So when you're saying, "You should hire our agency," you're talking more about what sets you apart from another agency. And these small little details, I think, can really shape the way that you shape a presentation.
Esther Nadoff: One other presentation that I've been working on recently and I am in the middle of presenting it as it was too detailed in a way—there's too much information in there to do it all in one sitting— it's actually an industry research presentation. And technically, I feel like we're very guilty of industry research presentations that are kind of a way of a data dump to show that we did our due diligence in looking through your industry and understanding it so we can market it properly.
But really, when we took a step back with this industry research presentation it's saying, what does the client want out of this? What do we want out of this? And it was, essentially, to come up with a strategy based on the industry research. That's how we went through the entire presentation and created it. It included only industry research information that was relevant to help in crafting the strategy that we wanted to take place.
Patrick Gilbert: I love that. And I think going back, there have been so many presentations that we've done over the years. Again, we're using the word presentation a lot here but a lot of the time, this might just mean a call with a client. And not determining what is the difference between your standard update call or presentation; that's an important delineation that we haven't really figured out until recently. But that's an important thing to figure out. And then as far as, some of these presentations are meant to prove that you're doing good work. And that's okay as long as that's your point B.
I think we should all stop trying to dress up and disguise, like, "Look at all this research." And then the client is like, "Cool, now what?" And you're like, "Look over here." And that's, going to the next point from the book, it's the "What's in it for you or the abbreviation is WIIF. That sounds ridiculous because it sounds weird to say with WIIFY, but what's in it for you? And that's really important.
Every single point that you make during a presentation should have a very clear "What's in it for you". If it doesn't fit, and if it ultimately doesn't fit back up to your point B, then it should be removed. And I think that's the best way to say, okay, what fits into this data dump and what doesn't? Because if there's not a clear audience benefit, then you should remove it altogether.

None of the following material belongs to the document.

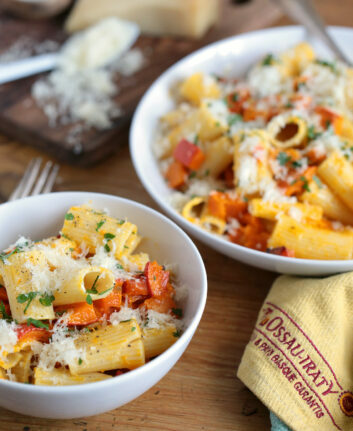 Rigatoni au potimarron et au fromage de brebis Ossau Iraty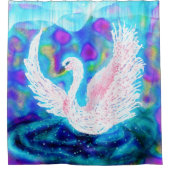 Mooie Blue White Swan Fantasy Douchegordijn (Voorkant)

And that brings us to cardinal sin number two: no audience benefit. So this is the whole MEGO: Mine Eyes Glaze Over type of analogy that Weissman writes about. If you're not making it clear to people what's in it for them, they're going to stop listening. It's just human nature.

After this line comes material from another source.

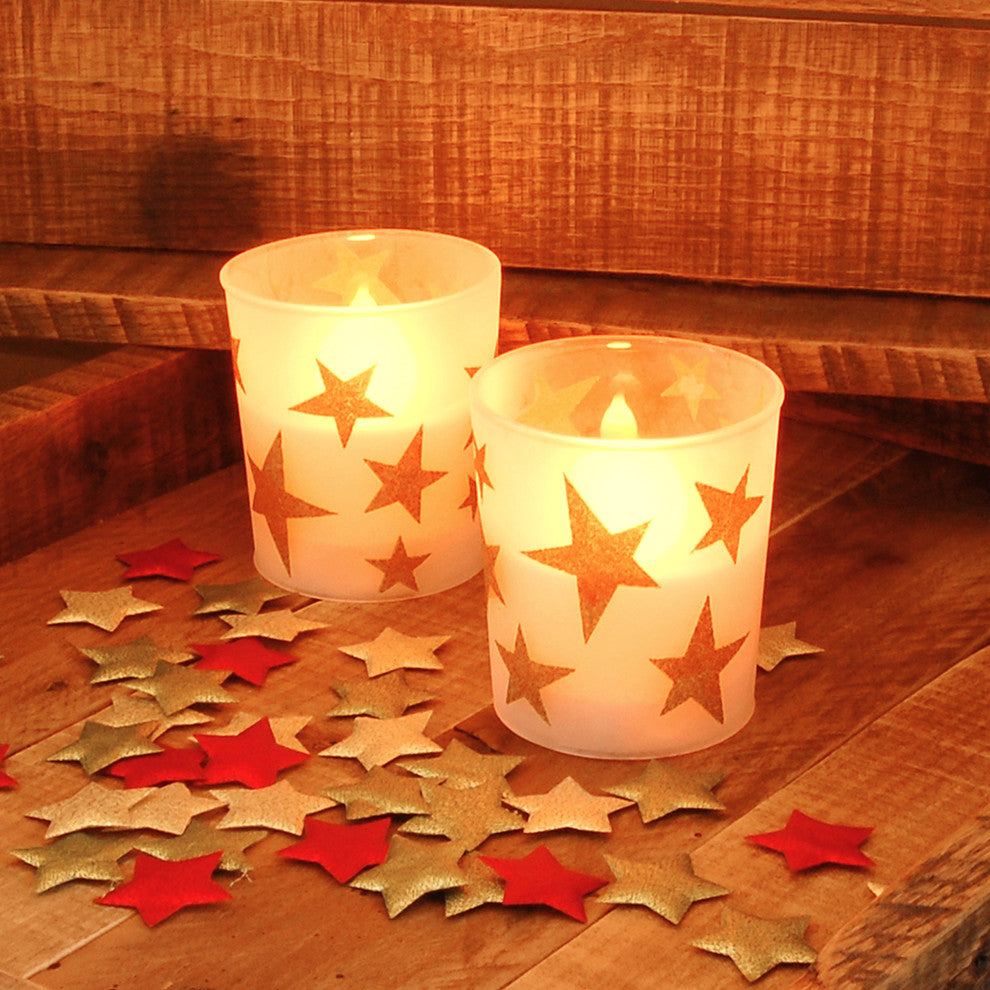 Battery Operated LED Wax Candles in Glass Holders, Gold Stars, Set of 2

He gives a lot of examples in the book but one that stood out is a SaaS company that Weissman consulted with to help them revise their pitch deck over the years to new clients. And they used to talk about how their technology was a pioneer and helped this radical shift in technology. And to the business owner, to the CEO of this IT company, they thought it was a no-brainer. "We provide telecommunications software that is not just better, but it's also cheaper than what some of our target customers already have in place." It's a no-brainer. And they went into these presentations with that mentality.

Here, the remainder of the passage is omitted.